Kedudukan perempuan dalam hukum adat Batak berbeda dengan
ketentuan dalam hukum nasional, terutama soal warisan. Anak perempuan
bukan sebagai ahli waris tetapi dapat menerima bagian harta warisan
sebagai pemberian.
“Hukum adat Batak yang tidak menunjang, mendorong kesetaraan dan
keadilan gender perlu ditinggalkan karena bertentangan dengan hak azasi
manusia. Kedudukan perempuan sangat lemah dibanding laki-laki. Ini suatu
indikasi adat Batak diskriminatif terhadap perempuan. Sementara dalam
hukum nasional kedudukan seimbang baik dalam hak mau pun kewajiban.”
Demikian Ketua Pengadilan Negeri (PN) Tarutung, Saur Sitindaon, SH,MH
pada seminar sehari kedudukan dan peranan perempuan Batak, Selasa
(26/9), di Balai Data Kantor Bupati Taput diikuti tokoh-tokoh adat
berbagai marga.
Saur Sitindaon dalam makalahnya bertajuk, ‘Kedudukan dan Peranan
perempuan Batak dalam hukum adat dikaitkan dengan hukum nasional’, lebih
memfokuskan perlunya para tokoh adat menyikapi kedudukan perempuan
dalam hukum adat batak. Apalagi dalam masalah pembagian harta warisan.

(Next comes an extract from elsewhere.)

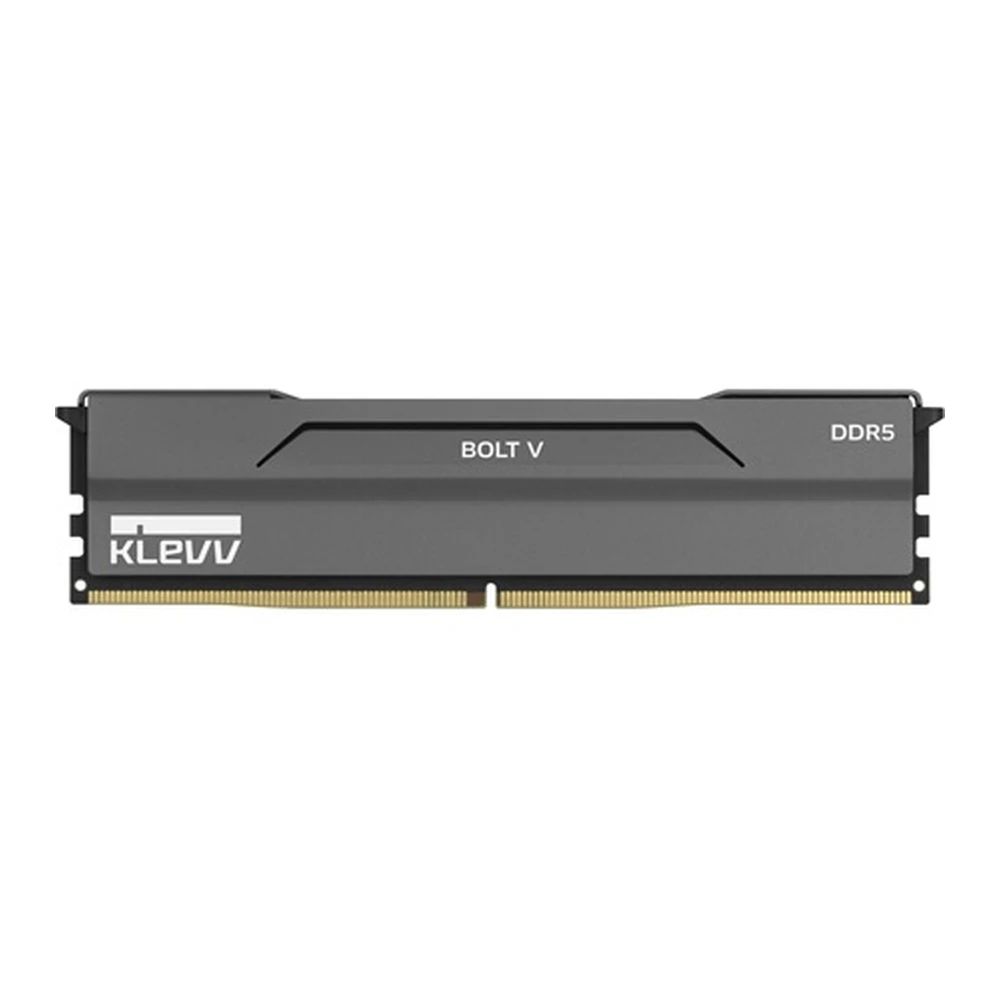 Klevv 32GB DDR5 6000MHz Kit(2x16GB) Bolt V for AMD Charcoal Grey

Ungkapan pepatah Batak ‘Dompak marmeme anak, dompak marmeme boru”
(Kedudukan anak dan perempuan sama) hanya teori. Omong kosong pepatah
itu. Buktinya, banyak kasus yang muncul di pengadilan bahwa pihak
laki-laki merupakan pewaris harta nenek moyangnya.
Bahkan di Taput, sebut Sitindaon, masalah diskriminasi itu terlihat
jelas. Dari 30 anggota DPRD Taput, hanya dua perempuan yang duduk.

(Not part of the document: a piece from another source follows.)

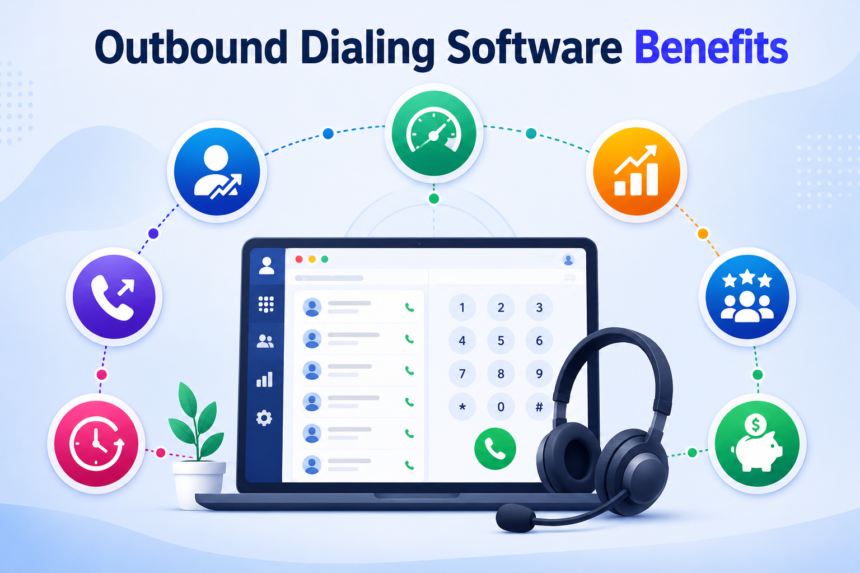 Outbound Dialing Software Benefits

Sementara menurut UU No. 12 tahun 2003, perempuan yang duduk 30 persen.
Ini tidak tercapai di Taput karena para pimpinan Parpol tidak memberi
kesempatan kepada perempuan. “Ini juga pelecehan terhadap perempuan.

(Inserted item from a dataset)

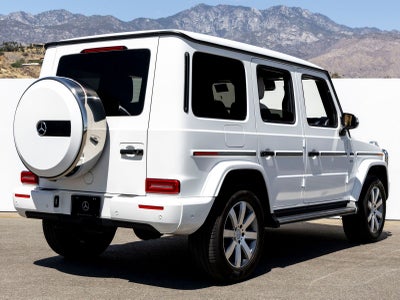 2024 Mercedes-Benz G-Class G 550 4MATIC®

Mereka hanya memberi nomor urut tidak jadi. Kalau kita konsis maka
berikan nomor urut pertama. Jadi bukan hanya omongan saja soal gender
tapi pelaksanaannya.”
Maka pada Pemilu mendatang harus ada 30 persen dari perempuan yang
duduk di DPRD Taput sehingga seminar ini bukan hanya retorika atau
pidato-pidatoan belaka, ujar Sitindaon menambahkan, laksanakan adat itu
dengan baik. Undang-undangnya sudah bagus tinggal pelaksanaannya.
Sementara penceramah lainnya, Drs. BP Nababan dan Waldemar Simamora
pada intinya menyebut, perempuan dalam budaya Batak statusnya agak
parakdosal. Namun sebenarnya status perempuan bagi masyarakat Batak
sangat terhormat dan dihargai. Laki-laki dengan perempuan adalah sama.
Perempuan Batak sudah banyak memegang peranan di tengah keluarga,
masyarakat. Bahkan secara nasional, ujar BP Nababan (Ketua Lembaga Adat
Dalihan Natolu).
Sebelumnya Wakil Bupati Taput, Drs. Frans A. Sihombing, MM yang
membuka seminar menyebutkan, perempuan Batak harus dapat memotivasi diri
untuk maju. Menempa diri dengan berbagai pendidikan, latihan, kursus
keterampilan. Perempuan bagi orang Batak sangat dihormati sebagai ‘Boru
ni raja, Parsonduk Bolon, Sitiop Puro’ (penentu dalam suksesnya
keluarga), ujar Sihombing.
Disebutkan, ke depan perempuan Batak harus dapat mengambil peranan
lebih besar dan meraih posisi lebih baik. Tidak hanya sebatas ibu rumah
tangga. “Saya ingin seminar ini menghasilkan output bermanfaat untuk
mendorong kaum perempuan Batak memajukan diri,” sebut Wakil Bupati.
Seminar yang diprakarsai Bagian Pemberdayaan Perempuan Pemkab Taput
itu ditandai tanya jawab dari peserta, pada intinya bagaimana mengangkat
harkat dan martabat perempuan dalam adat Batak.